Task prompt ::
In the listing below, print exactly the lines between the line holding "Come see us" and the line holding "First, open the", inclusive, and no more.

Source material ::
————————

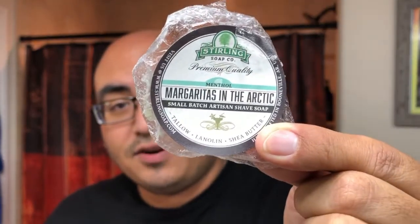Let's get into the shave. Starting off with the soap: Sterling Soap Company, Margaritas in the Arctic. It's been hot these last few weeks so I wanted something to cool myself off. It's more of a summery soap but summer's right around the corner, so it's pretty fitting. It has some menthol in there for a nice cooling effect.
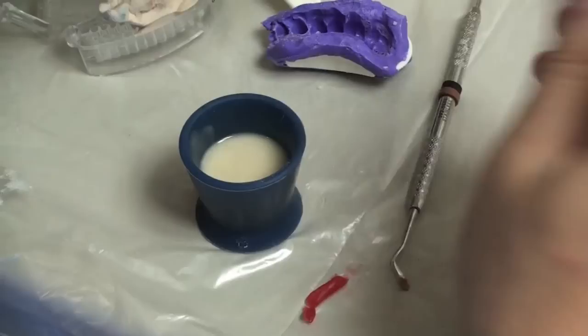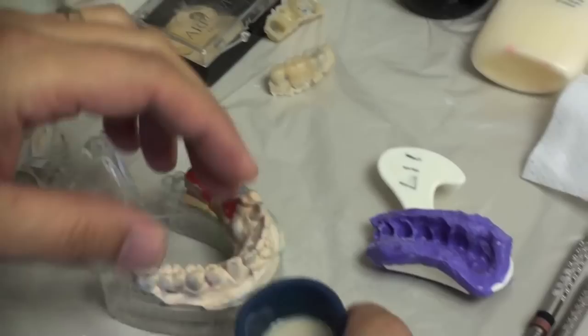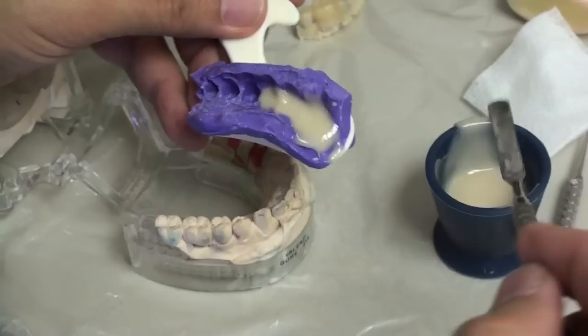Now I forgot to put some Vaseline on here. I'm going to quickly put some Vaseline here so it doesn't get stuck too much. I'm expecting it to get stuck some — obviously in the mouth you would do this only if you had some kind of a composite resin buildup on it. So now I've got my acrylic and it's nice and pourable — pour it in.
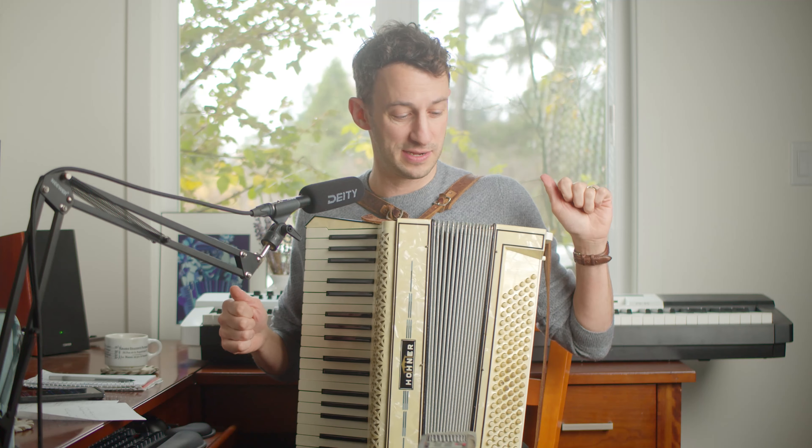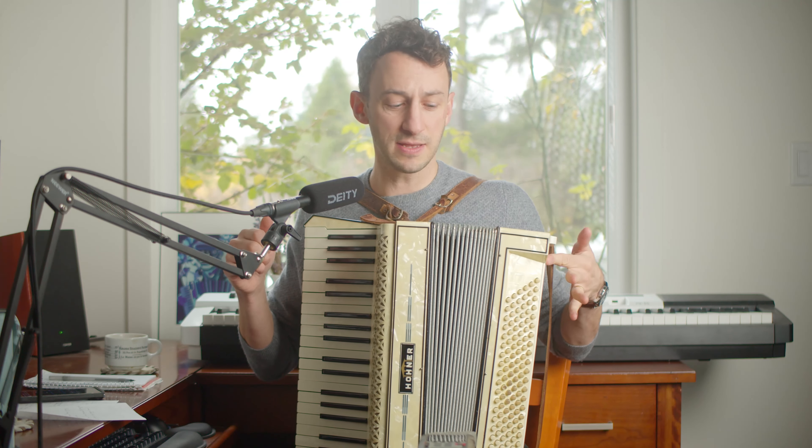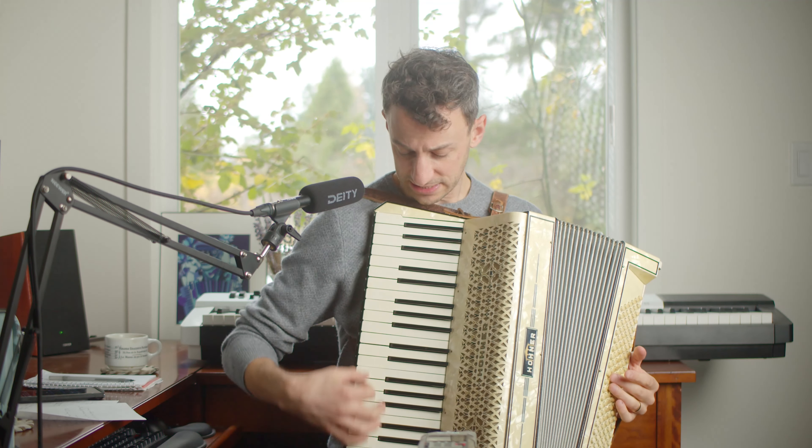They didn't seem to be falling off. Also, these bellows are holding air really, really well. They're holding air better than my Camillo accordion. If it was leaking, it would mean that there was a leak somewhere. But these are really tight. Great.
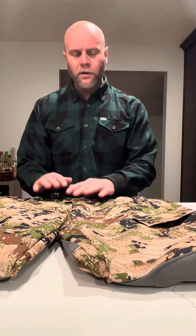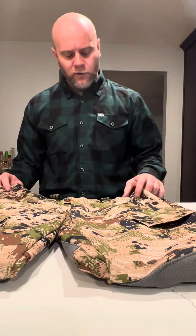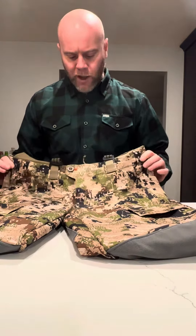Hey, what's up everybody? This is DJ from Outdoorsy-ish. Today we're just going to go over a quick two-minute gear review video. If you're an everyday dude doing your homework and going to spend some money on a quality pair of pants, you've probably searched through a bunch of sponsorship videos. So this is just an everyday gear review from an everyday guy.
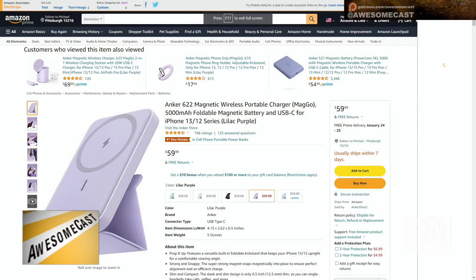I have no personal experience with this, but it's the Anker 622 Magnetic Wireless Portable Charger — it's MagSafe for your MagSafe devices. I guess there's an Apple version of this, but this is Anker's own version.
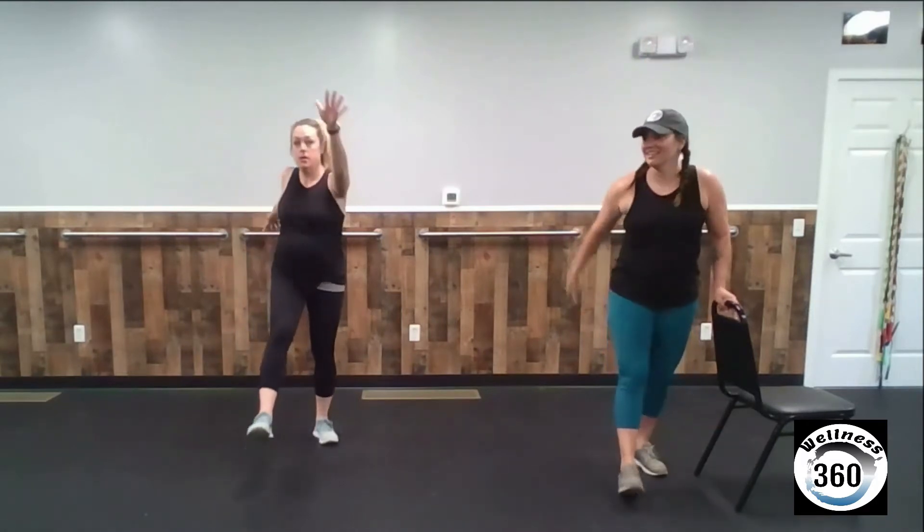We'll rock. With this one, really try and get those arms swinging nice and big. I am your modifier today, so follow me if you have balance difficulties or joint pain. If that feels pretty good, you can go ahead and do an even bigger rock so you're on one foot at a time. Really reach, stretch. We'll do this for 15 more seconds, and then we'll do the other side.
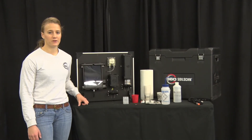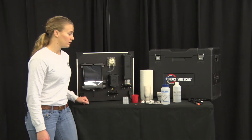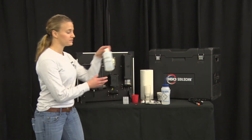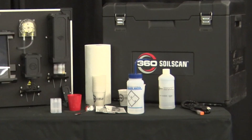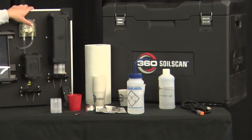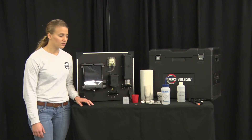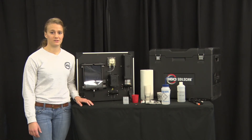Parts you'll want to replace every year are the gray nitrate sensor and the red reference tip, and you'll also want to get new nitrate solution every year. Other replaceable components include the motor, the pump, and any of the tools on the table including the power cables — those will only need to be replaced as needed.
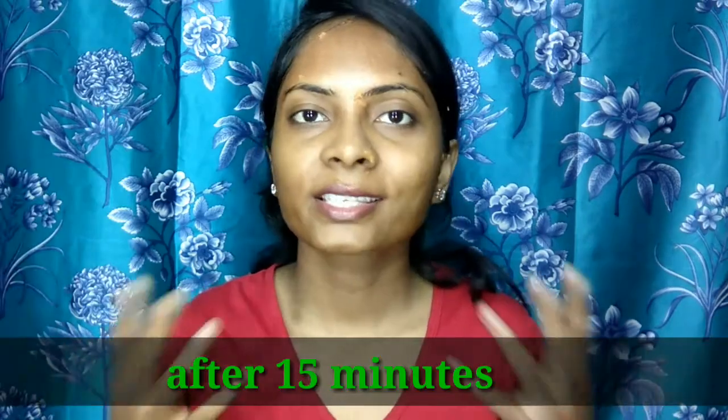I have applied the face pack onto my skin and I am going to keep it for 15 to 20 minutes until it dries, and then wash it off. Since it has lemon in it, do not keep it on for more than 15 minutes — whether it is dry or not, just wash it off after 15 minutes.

————————

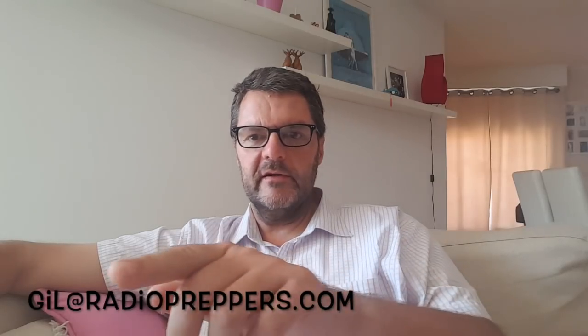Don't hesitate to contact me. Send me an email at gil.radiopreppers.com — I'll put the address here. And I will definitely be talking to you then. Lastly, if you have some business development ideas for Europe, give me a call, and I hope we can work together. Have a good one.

————————

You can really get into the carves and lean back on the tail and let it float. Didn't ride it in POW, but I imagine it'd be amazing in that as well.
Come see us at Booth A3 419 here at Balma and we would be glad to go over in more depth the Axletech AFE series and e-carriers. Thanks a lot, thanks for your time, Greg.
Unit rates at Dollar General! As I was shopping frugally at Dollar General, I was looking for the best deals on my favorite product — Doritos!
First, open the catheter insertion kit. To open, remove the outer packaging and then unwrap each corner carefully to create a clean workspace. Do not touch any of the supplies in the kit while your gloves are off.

————————

Exercise response ::
Come see us at Booth A3 419 here at Balma and we would be glad to go over in more depth the Axletech AFE series and e-carriers. Thanks a lot, thanks for your time, Greg.
Unit rates at Dollar General! As I was shopping frugally at Dollar General, I was looking for the best deals on my favorite product — Doritos!
First, open the catheter insertion kit. To open, remove the outer packaging and then unwrap each corner carefully to create a clean workspace. Do not touch any of the supplies in the kit while your gloves are off.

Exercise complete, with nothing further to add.